里有一封信。
写了一半。没寄出去。收信人是卢湛的妻子。
信的内容极普通。无非是报平安说行程。前面几句都是套话,无非路途平安勿念之类。许元的目光停在中间一行字上。
此去安西,月内可归,勿念。
月内可归。
许元把这四个字翻来覆去地嚼。
从长安到龟兹,走最快的军驿也要二十天。来回四十天。卢湛说月内可归。他压根没给自己留回程的余量。
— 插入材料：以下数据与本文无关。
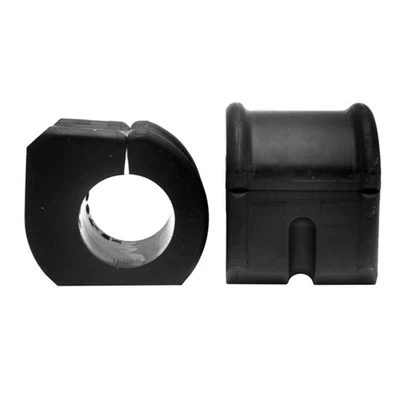 Buje de barra estabilizadora delantero ACDelco genuino para Oldsmobile Toronado 1990-1992 | negro Foto 1 de 4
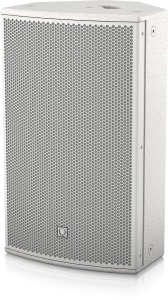 Turbosound NuQ102-AN Активная акустическая система в Холмске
这说明什么?说明他觉得到了龟兹之后要办的事用不了多久就能办完。快到什么程度?快到连几天的缓冲都不需要留。
杀个囚犯。烧本账册。抹掉痕迹。走人。
在卢湛的预想里,这趟差事就该这么简单。
可问题来了。
枢密使的宣慰使,千里迢迢跑到安西来干一件很简单的事。值得吗?
值得。因为这件事虽然执行起来简单,但知情面必须压到最小。不能假手地方驻军,不能借安西都护府的人。必须从长安带人来。做完了带走。干净净不留尾巴。
但有一个前提。做完之后,卢湛本人也是一条尾巴。
许元靠在椅背上。手指无意识地敲着桌面。
王宗衍用卢湛来灭口。那谁来灭卢湛的口?
卢湛带了三个随从。都是枢密院的卫卒。许元回忆了一下那天夜里的情形。薛仁贵带人去截的时候,三个卫卒拼了命的抵抗。那不是寻常护卫的拼命。是死士的拼命。其中一个被薛仁贵削断了右臂还在往前扑。
死士保护的不是卢湛。是任务。
任务完成之后呢?
许元把信纸翻过来。背面空白。但纸角有一小块污渍,是被什么东西浸过又晾干的。他凑近闻了闻。淡得几乎没有味道。但鼻腔深处还是捕捉到了一点涩苦。
杏仁。
苦杏仁泡过的水渍。
许元放下信纸。敲桌面的手指停了。
苦杏仁。磨成粉拌进食物或水囊里,三个时辰之内发作。症状跟急症暴毙没区别。荒漠里死个人太常见了。暑热,毒虫,水土不服,随便哪个都能当死因。谁会去查一个在回京途中暴病身亡的从六品宣慰使?
这封信浸过苦杏仁水。
卢湛自己知不知道?多半不知道。信是贴身放的,跟衣裳包在一起。出发前打包行李的时候被人动过手脚。